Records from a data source
━━━━

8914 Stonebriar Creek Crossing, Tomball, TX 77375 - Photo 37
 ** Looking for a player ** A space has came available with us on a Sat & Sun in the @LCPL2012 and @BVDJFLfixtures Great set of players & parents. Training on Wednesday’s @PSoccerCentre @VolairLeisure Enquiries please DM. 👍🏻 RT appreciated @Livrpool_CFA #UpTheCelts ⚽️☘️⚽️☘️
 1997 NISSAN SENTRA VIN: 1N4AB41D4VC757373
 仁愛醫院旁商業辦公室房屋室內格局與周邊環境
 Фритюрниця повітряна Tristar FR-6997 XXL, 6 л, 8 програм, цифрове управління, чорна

━━━━

> _Task requirements_
Exactly what appears above must be set down again in full.

> _Result_
8914 Stonebriar Creek Crossing, Tomball, TX 77375 - Photo 37
 ** Looking for a player ** A space has came available with us on a Sat & Sun in the @LCPL2012 and @BVDJFLfixtures Great set of players & parents. Training on Wednesday’s @PSoccerCentre @VolairLeisure Enquiries please DM. 👍🏻 RT appreciated @Livrpool_CFA #UpTheCelts ⚽️☘️⚽️☘️
 1997 NISSAN SENTRA VIN: 1N4AB41D4VC757373
 仁愛醫院旁商業辦公室房屋室內格局與周邊環境
 Фритюрниця повітряна Tristar FR-6997 XXL, 6 л, 8 програм, цифрове управління, чорна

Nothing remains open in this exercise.